Write out the records again exactly and exclude the pictures.

Caption-style text data:
/---
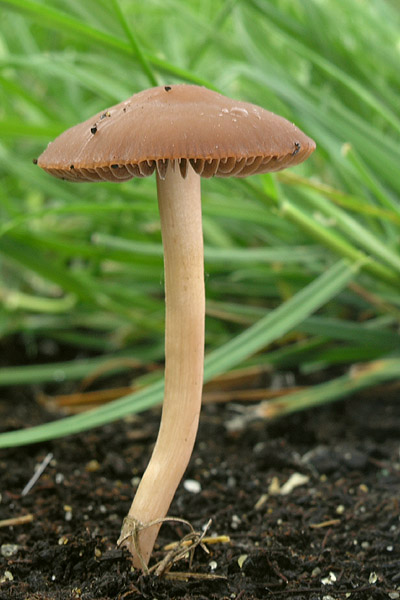 zvoncovec Panaeolus sp.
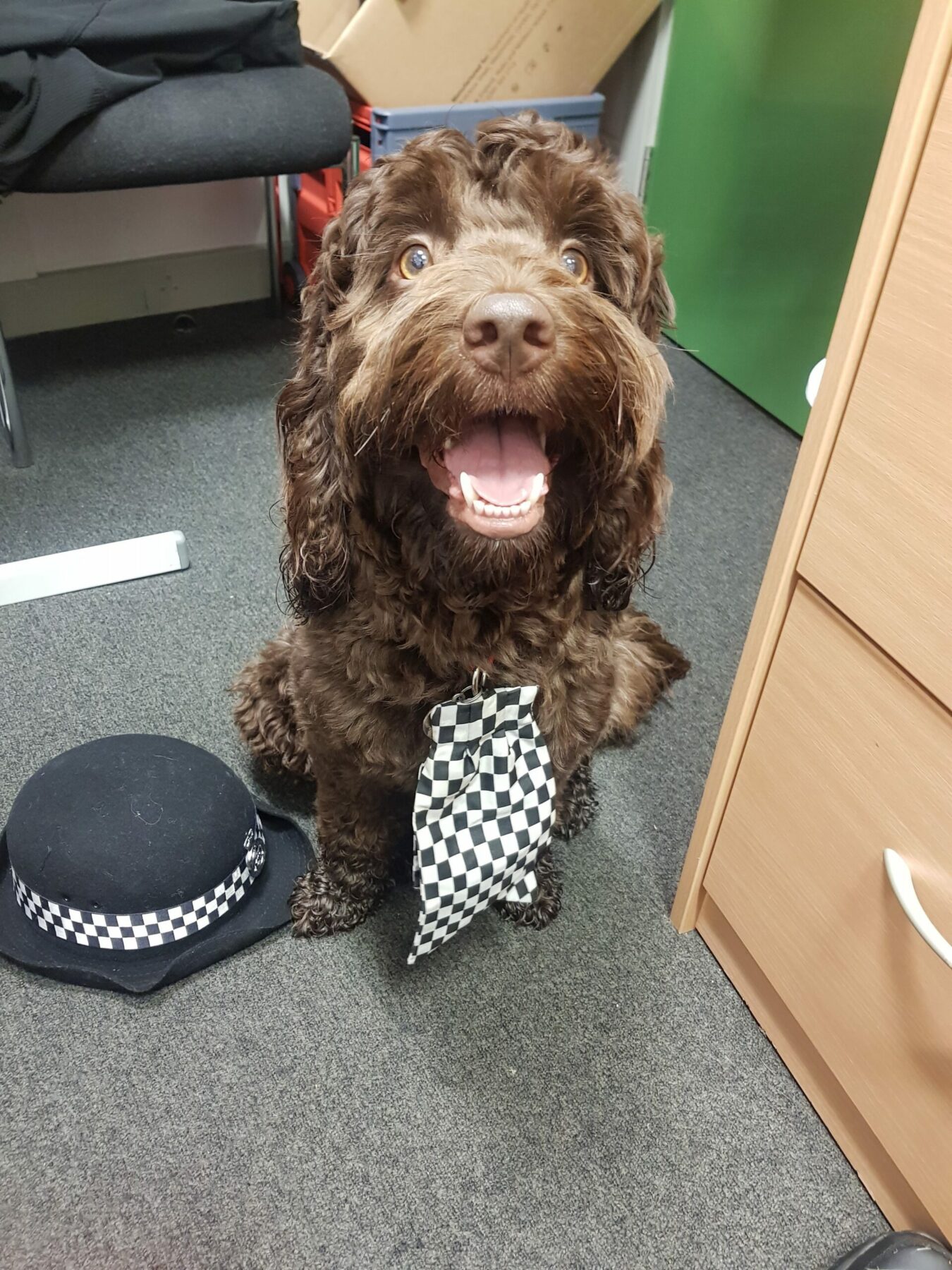 Rolo 2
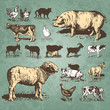 farm animals vintage set (vector)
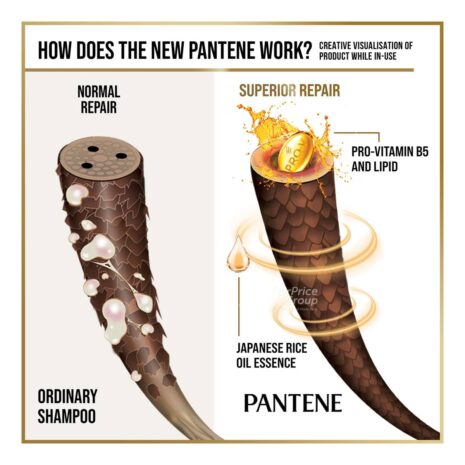 13194386_RXL1_20220210.jpg 13194386_RXL1_20220210.jpg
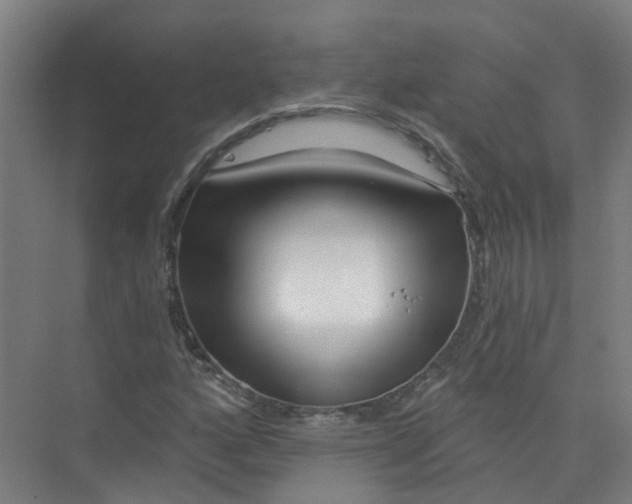 X0000074021160200609181853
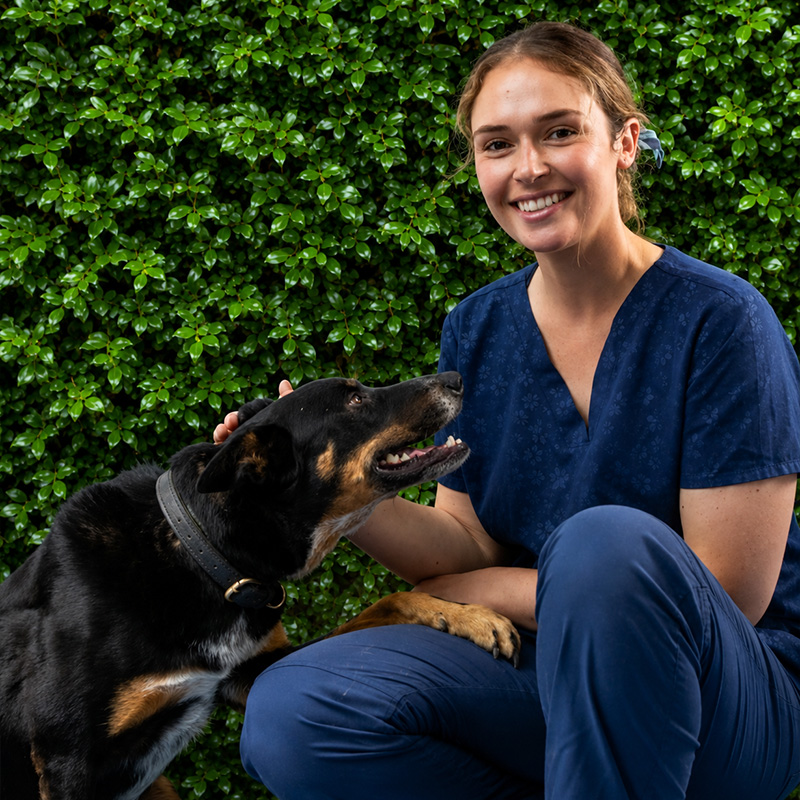 Meet Our Team at Lorn Vet - Kaitlyn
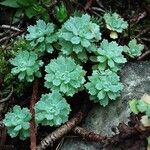 Rhodiola pachyclados Συνήθη χαρακτηριστικά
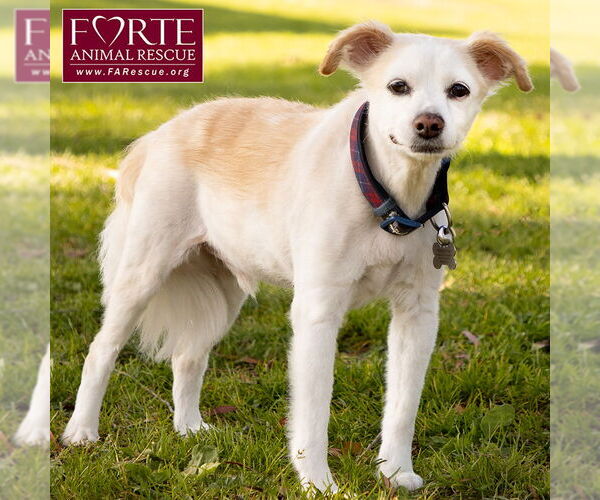 Medium Photo #2 Pomeagle Puppy For Sale in Marina del Rey, CA, USA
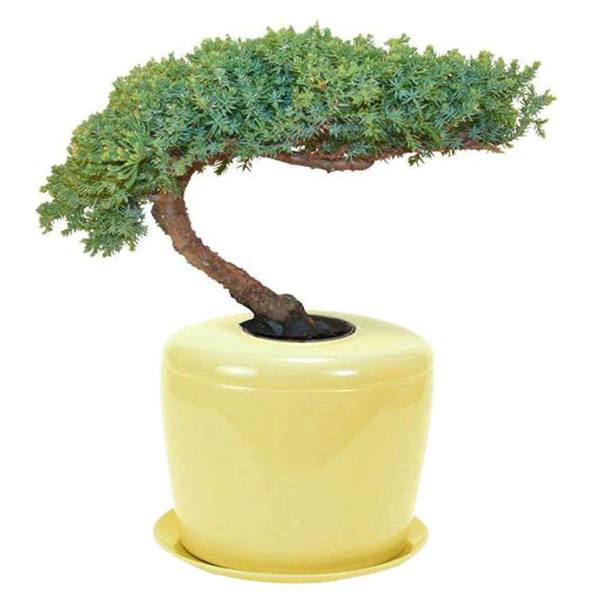 Watch Me Grow Yellow Plant Urn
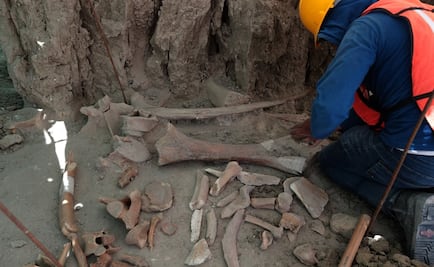 A discovery of epic proportions: Dozens of mammoth remains found in Mexico’s Santa Lucía airport
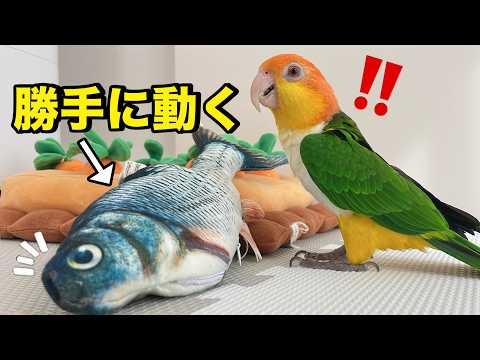 インコに動く魚のおもちゃを渡したら狩猟本能が覚醒して大変なことに...ww【シロハラインコ】
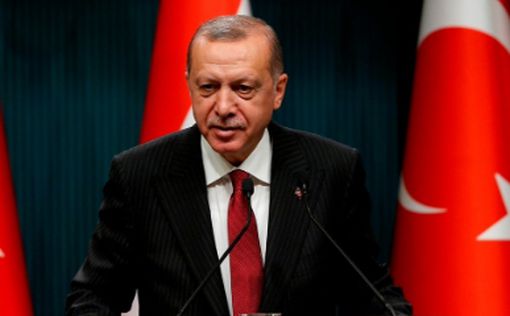 Эрдоган будет судиться с журналистами из-за "оскорбления"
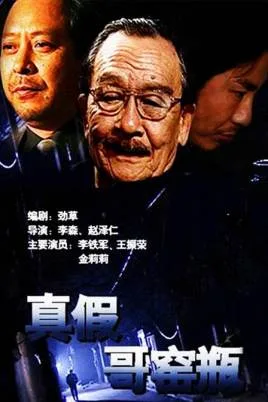 真假哥窑瓶海报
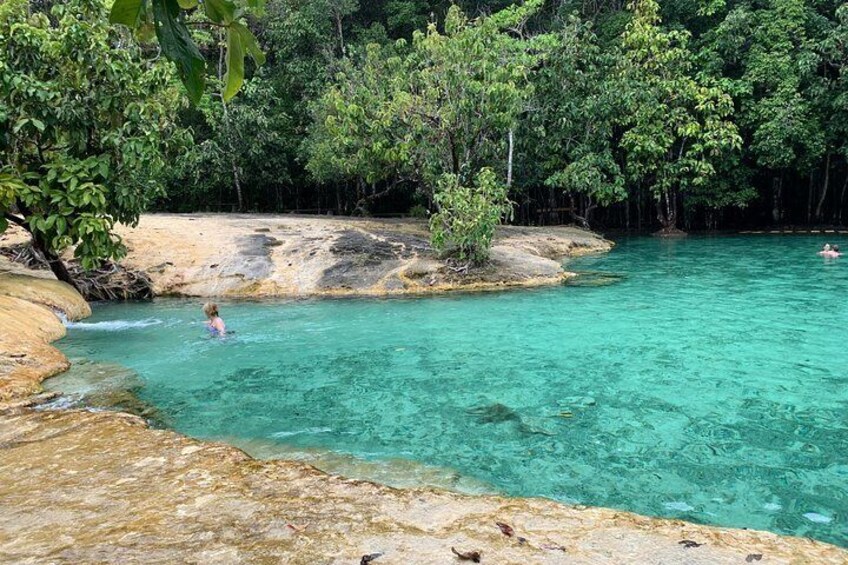 All day Krabi Jungle Tour (Hot Spring Water, Emerald Pool, Tiger Cave Temple) 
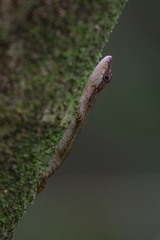 Anolis apletophallus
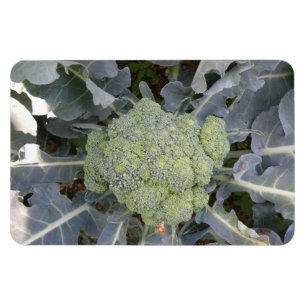 Imán Broccoli Premium Magnet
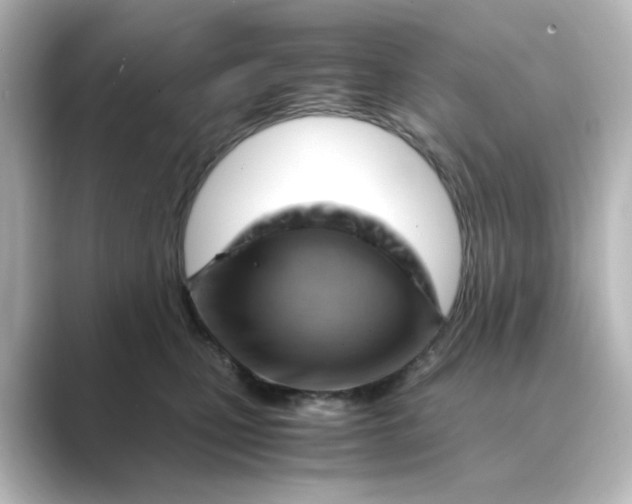 X0000088740471200706212100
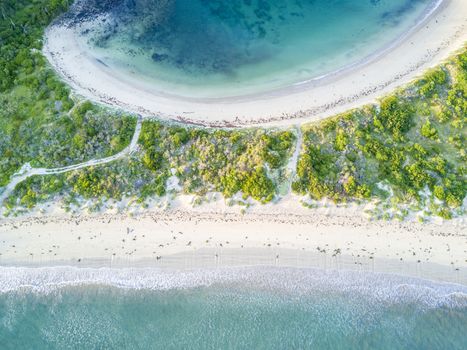 Top view looking down onto Broulee tombolo dune which connects the island to the mainland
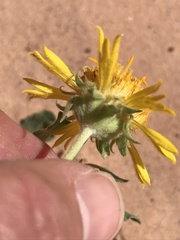 Gaillardia spathulata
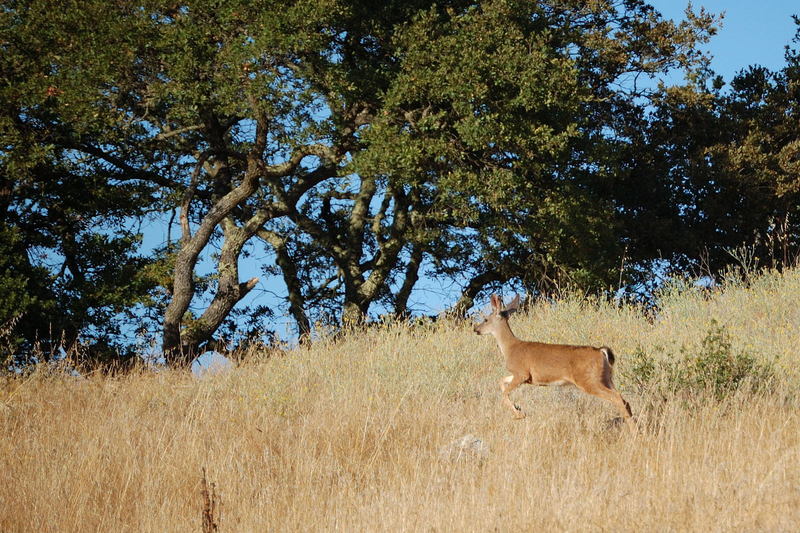 Deer leaping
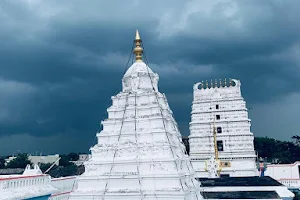 Ranga Nayaka Swamy Temple image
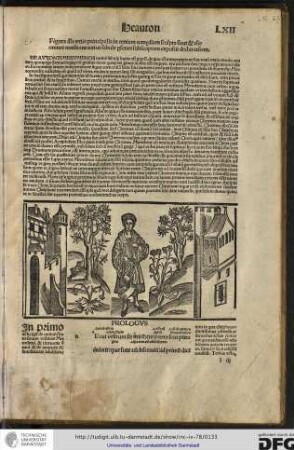 Declaratio figurae.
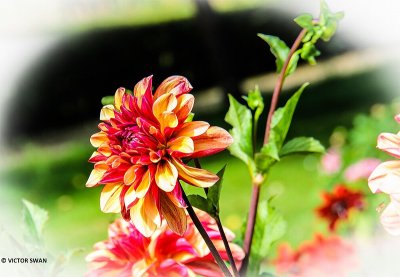Dahlia-Julie one .JPG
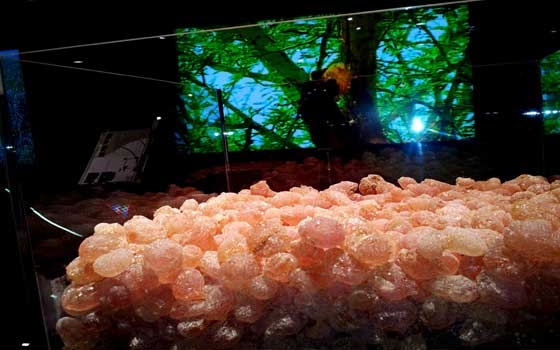   مصر اليوم - استقرار أسعار المحاصيل في سوق النهود السوداني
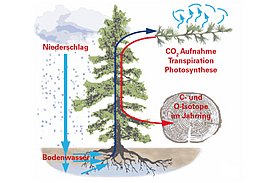 Isotopen-Kreislauf in einem Baum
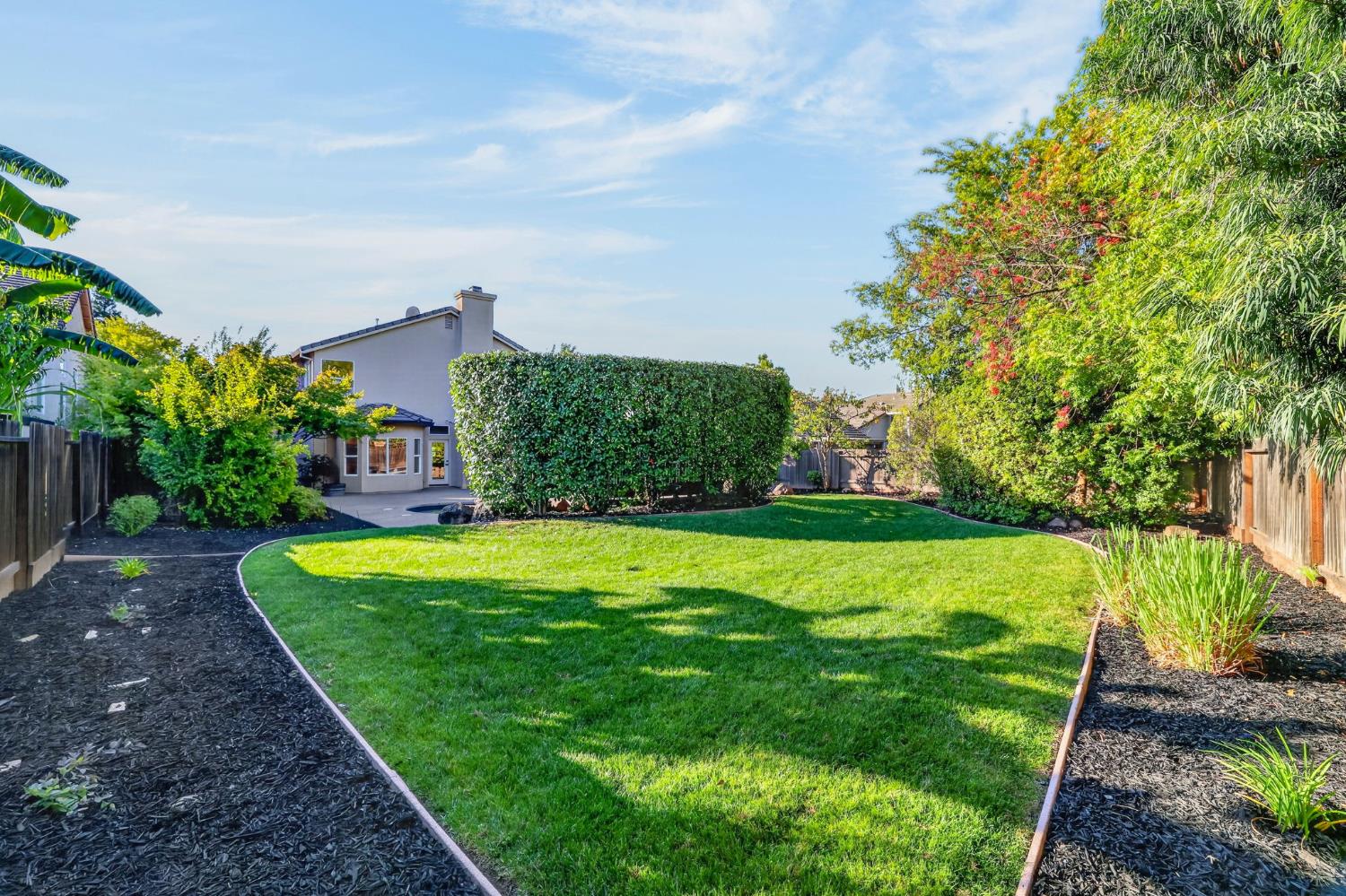 Landscaped backyard with a broad lawn, mature trees, and a hedge beside the house.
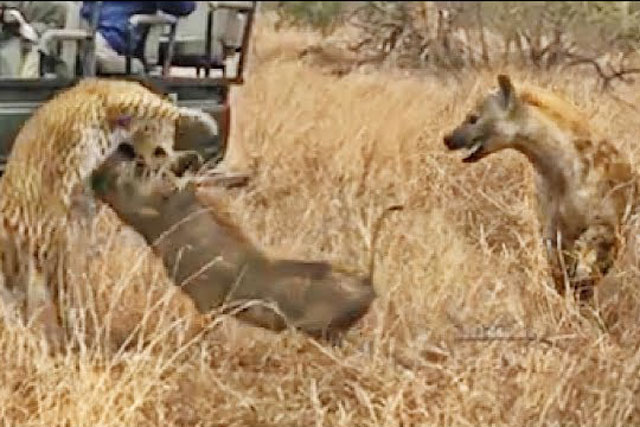 CLIP: Linh cẩu vô tình giúp lợn bướu húc bay báo hoa mai, thoát chết ngoạn mục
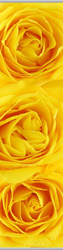 0822 Gelbe Rose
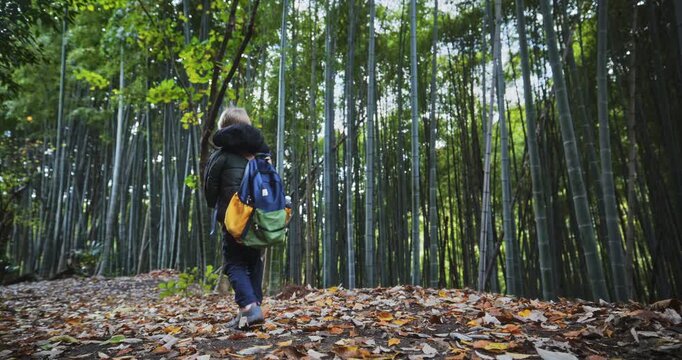 Wide, low shot of little boy with backpack walking through autumn bamboo thicket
\---
Task answer
 zvoncovec Panaeolus sp.
 Rolo 2
 farm animals vintage set (vector)
 13194386_RXL1_20220210.jpg 13194386_RXL1_20220210.jpg
 X0000074021160200609181853
 Meet Our Team at Lorn Vet - Kaitlyn
 Rhodiola pachyclados Συνήθη χαρακτηριστικά
 Medium Photo #2 Pomeagle Puppy For Sale in Marina del Rey, CA, USA
 Watch Me Grow Yellow Plant Urn
 A discovery of epic proportions: Dozens of mammoth remains found in Mexico’s Santa Lucía airport
 インコに動く魚のおもちゃを渡したら狩猟本能が覚醒して大変なことに...ww【シロハラインコ】
 Эрдоган будет судиться с журналистами из-за "оскорбления"
 真假哥窑瓶海报
 All day Krabi Jungle Tour (Hot Spring Water, Emerald Pool, Tiger Cave Temple) 
 Anolis apletophallus
 Imán Broccoli Premium Magnet
 X0000088740471200706212100
 Top view looking down onto Broulee tombolo dune which connects the island to the mainland
 Gaillardia spathulata
 Deer leaping
 Ranga Nayaka Swamy Temple image
 Declaratio figurae.
Dahlia-Julie one .JPG
   مصر اليوم - استقرار أسعار المحاصيل في سوق النهود السوداني
 Isotopen-Kreislauf in einem Baum
 Landscaped backyard with a broad lawn, mature trees, and a hedge beside the house.
 CLIP: Linh cẩu vô tình giúp lợn bướu húc bay báo hoa mai, thoát chết ngoạn mục
 0822 Gelbe Rose
 Wide, low shot of little boy with backpack walking through autumn bamboo thicket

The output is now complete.